Experts agree that a vegetarian diet is most effective in losing weight and reducing intramuscular fat while improving metabolism and reducing high blood sugar levels.
A study of 74 people with type 2 diabetes showed that a vegetarian diet was almost 2 times more effective when it came to weight loss. The participants lost almost 7 kg, while those on a low-calorie protein diet weighed 3.5 kg less.
Participants who followed a vegetarian diet consumed mostly vegetables, fruits, grains, and nuts. Of the animal products, they only consumed low-fat yogurt every day.
“A vegetarian diet was found to be the most effective diet for weight loss. We have also shown that a vegetarian diet is more effective in reducing intramuscular fat and improving metabolism. The results are important for people trying to lose weight, including those affected by metabolic syndrome and/or type 2 diabetes,” explains Dr. Hanna Kahleova from the American Physicians Committee for Responsible Medicine.
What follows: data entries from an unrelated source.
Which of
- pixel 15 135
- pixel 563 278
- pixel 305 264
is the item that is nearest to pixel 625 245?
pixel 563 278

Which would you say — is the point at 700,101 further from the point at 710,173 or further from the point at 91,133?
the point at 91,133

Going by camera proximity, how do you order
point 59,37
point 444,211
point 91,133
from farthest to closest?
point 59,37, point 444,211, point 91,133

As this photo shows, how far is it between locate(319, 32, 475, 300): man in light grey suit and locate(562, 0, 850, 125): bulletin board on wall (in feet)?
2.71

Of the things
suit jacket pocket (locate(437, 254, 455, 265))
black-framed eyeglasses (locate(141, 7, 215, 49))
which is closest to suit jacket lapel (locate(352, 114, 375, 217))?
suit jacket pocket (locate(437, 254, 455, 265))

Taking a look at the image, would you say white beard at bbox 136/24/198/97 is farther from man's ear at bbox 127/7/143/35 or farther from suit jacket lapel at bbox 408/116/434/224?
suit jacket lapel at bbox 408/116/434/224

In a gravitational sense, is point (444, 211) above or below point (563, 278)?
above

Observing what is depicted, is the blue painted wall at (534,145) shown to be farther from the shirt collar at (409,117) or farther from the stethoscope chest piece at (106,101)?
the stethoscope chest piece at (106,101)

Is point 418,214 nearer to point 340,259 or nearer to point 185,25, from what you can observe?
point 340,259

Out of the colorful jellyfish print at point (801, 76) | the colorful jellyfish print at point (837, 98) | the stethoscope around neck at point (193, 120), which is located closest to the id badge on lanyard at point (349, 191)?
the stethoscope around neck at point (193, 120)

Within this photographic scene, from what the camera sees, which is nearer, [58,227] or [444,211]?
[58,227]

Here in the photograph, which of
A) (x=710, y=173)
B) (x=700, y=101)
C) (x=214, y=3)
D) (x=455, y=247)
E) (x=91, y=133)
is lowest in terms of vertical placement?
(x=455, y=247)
She adds that the fatty tissue in the participants' thighs was examined to determine which diet worked and how. To do this, the researchers used MRI. They found that the two diets led to similar reductions in subcutaneous fat, while subfascial and intramuscular fat decreased only under the influence of the vegetarian diet.
Vegetarian weekly plan with a maximum of 1400 calories per day
If you think about it, there is no magic in weight loss diets, it's that simple. If you consume fewer calories from food than you burn, you will lose weight. There is a clear energy balance at play here.
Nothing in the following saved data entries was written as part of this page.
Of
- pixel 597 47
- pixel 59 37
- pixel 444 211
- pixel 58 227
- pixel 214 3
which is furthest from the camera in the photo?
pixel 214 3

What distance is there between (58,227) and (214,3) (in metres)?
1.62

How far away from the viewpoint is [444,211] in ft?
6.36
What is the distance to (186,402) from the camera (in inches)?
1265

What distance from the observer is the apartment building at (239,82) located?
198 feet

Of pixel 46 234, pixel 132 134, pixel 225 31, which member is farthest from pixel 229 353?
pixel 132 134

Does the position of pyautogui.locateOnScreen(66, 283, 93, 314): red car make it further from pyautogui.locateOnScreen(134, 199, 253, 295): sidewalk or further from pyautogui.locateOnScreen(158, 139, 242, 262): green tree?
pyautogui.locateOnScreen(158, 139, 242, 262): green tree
We offer you a low-calorie weekly plan that you can stick to if you have decided on a vegetarian diet for weight loss. During this time you should also drink plenty of water, at least 1.5 liters per day. View your physical activity and diet as a gift to yourself.
Montag
Breakfast: A cup of low-fat yogurt with a spoonful of honey and a banana. You can also add cinnamon.
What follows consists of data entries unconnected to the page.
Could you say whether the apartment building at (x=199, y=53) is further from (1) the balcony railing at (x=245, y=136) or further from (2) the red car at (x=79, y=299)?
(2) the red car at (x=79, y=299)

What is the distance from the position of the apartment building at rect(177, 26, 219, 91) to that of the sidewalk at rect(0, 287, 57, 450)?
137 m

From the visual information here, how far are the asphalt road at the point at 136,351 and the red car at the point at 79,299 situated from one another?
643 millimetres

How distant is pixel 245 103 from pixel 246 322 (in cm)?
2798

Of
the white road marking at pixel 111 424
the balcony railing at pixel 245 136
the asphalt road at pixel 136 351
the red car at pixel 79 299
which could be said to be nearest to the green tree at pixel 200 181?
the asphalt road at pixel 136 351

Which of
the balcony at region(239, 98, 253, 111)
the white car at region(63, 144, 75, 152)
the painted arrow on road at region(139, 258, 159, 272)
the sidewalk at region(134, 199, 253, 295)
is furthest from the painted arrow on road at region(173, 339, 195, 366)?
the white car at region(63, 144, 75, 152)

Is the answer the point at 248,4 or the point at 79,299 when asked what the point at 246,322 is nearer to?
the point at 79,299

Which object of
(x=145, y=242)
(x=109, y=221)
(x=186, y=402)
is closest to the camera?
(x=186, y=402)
Lunch: Vegetable soup without potatoes (500 ml) and a slice of wholemeal bread
Dinner: Baked eggplant or zucchini
Tuesday
Breakfast: Boiled egg, a slice of whole wheat bread and grapefruit
Lunch: Salad with seasonal vegetables (400 g) and two baked potatoes
Dinner: Beans in tomato sauce, you can add some chili for better digestion
Wednesday
Breakfast: 50g porridge in water with a teaspoon of honey and a fresh fruit of your choice
Lunch: a piece (150 g) of vegetable pizza made from wholemeal or gluten-free dough and a salad with seasonal vegetables (300 g)
Dinner: Mushrooms steamed in vegetable oil (200 g) and salad (200 g), seasoned with a little olive oil and lemon
Thursday
Breakfast: a cup of low-fat yogurt with a spoonful of honey, a spoonful of flax seeds and a banana
Lunch: Grilled tofu 100 g and salad with seasonal vegetables (300 g)
Dinner: Lentil soup (400 ml) and carrot salad (200 g)
Freitag
Breakfast: 2 toasted slices of whole wheat bread with tomato and half an avocado
Lunch: 200 g rice with vegetables
Dinner: steamed vegetables and 50 g of nuts
Saturday
Breakfast: Cup of low-fat yogurt with a spoonful of honey, a spoonful of flax seeds and blueberries
Lunch: Vegetable soup (500 ml) with a slice of rye bread
Dinner: 100 g whole-wheat pasta or gluten-free pasta with vegetable salad
Sunday
Breakfast: 2 scrambled eggs, a slice of whole wheat bread
Lunch: Salad with seasonal vegetables (300 g) and mushrooms steamed in vegetable oil (200 g)
Dinner: two large spoons of steamed brown rice, steamed cauliflower (200g) and boiled beetroot salad (250g)
Important
Any methods, information, and tips in this article are based on current studies and medical sources (at the time of publication). However, they are not suitable for self-diagnosis and treatment and in no way serve as a substitute for competent medical advice.
The nutritional method described is safe for many people, but not for everyone. If you are pregnant, breastfeeding, or have a medical condition, talk to your doctor before starting.